European institutions exhibit particularly strong connectivity-to-impact ratios. The University of Gothenburg achieved the highest collaboration intensity among top-tier institutions (TLS = 79), coupled with superior average citation performance (43.82 citations per publication), consistent with participation in registry-based multicenter research networks. Rush University similarly combined above-average connectivity (TLS = 51) with strong citation metrics (39.64 citations per publication). In contrast, several high-output Asian institutions, including Sichuan University (38 documents, TLS = 10), demonstrated rapid productivity growth with comparatively limited international collaborative linkages at this developmental stage.

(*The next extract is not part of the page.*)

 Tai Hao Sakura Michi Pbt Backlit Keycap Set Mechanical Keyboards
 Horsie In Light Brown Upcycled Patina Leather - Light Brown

The institutional collaboration network (Figure 5) displays a densely interconnected core comprising North American and European high-output centers, surrounded by peripheral institutions with varying degrees of integration. This architecture suggests that the most extensively connected hubs play disproportionate roles in disseminating methodological approaches and shaping research priorities, particularly regarding contemporary, approach-specific comparative questions.

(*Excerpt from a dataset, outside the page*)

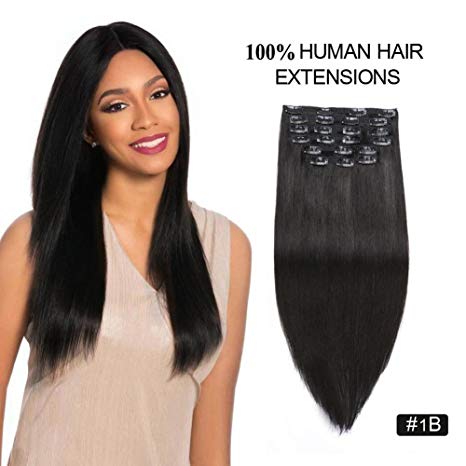 Clip on Extensions Human Hair Natural Color, Re4U Hair 18" 150gram 10 pcs Unprocessed #1b Natural Black Double Weft Clip in Extensions Can be Restyled (18" 10pcs 150g #1b)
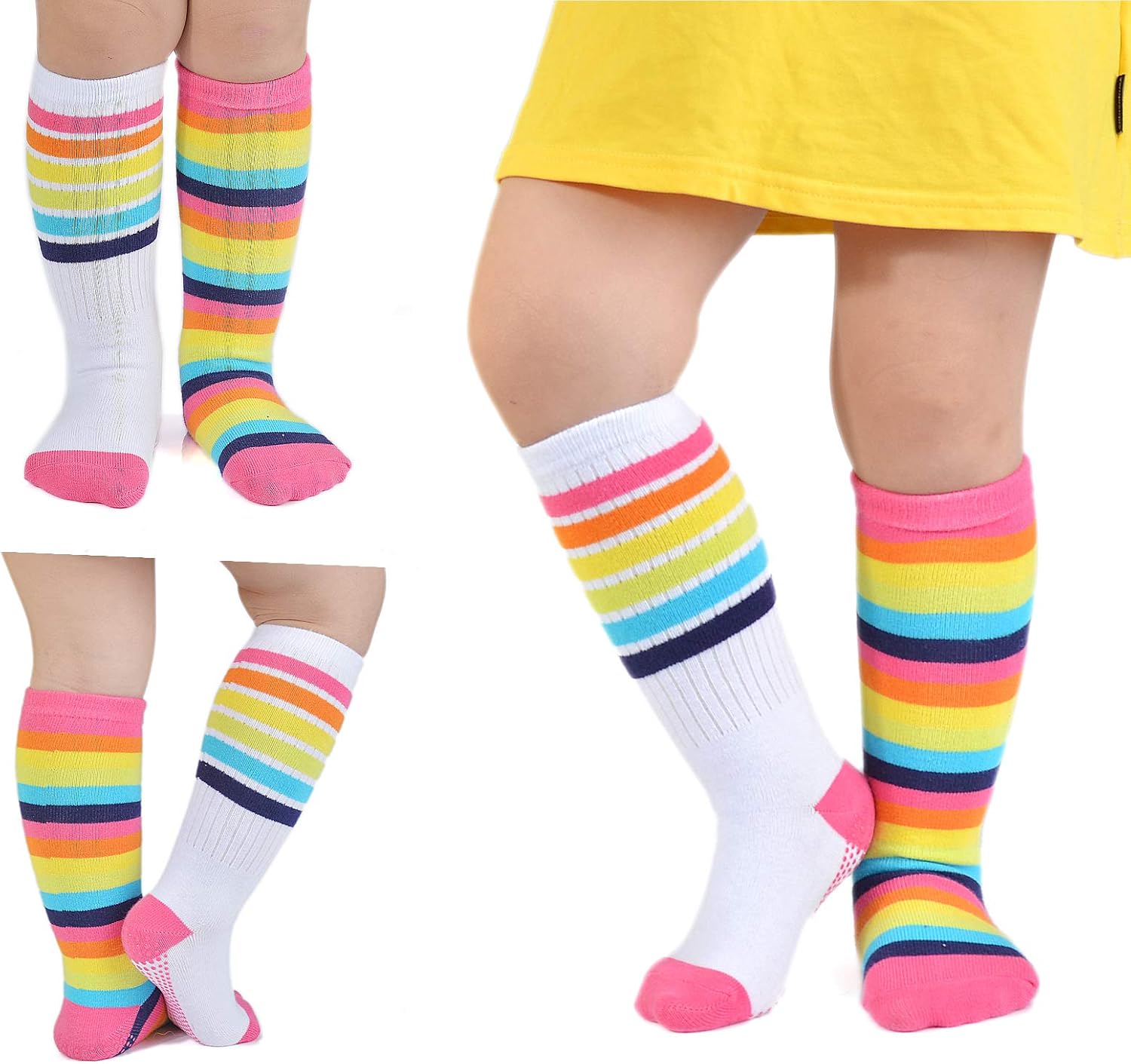 EPEIUS Baby Girl Rainbow Striped Knee High Socks Non-Slip Uniform Tube Stockings Soccer Socks for Toddler and Child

Institutional collaboration network and research architecture.
Author Productivity, Citation Impact, and Collaboration Networks
Author-level productivity and influence metrics are summarized in Table 3, with the collaboration structure and temporal activity patterns visualized in Figure 6. Beaulé, Paul E. ranked first in publication output with 33 documents, followed by Schwarzkopf, Ran (28 documents), and Parvizi, Javad (27 documents). The secondary tier of highly productive authors included Grifka, Joachim, and Perka, Carsten (both 26 documents), and Boettner, Friedrich, and Taunton, Michael J. (both 24 documents), indicating a concentration of sustained research activity within a limited number of established investigator teams.
Author Productivity, Citation Impact, and Collaborative Network Positioning.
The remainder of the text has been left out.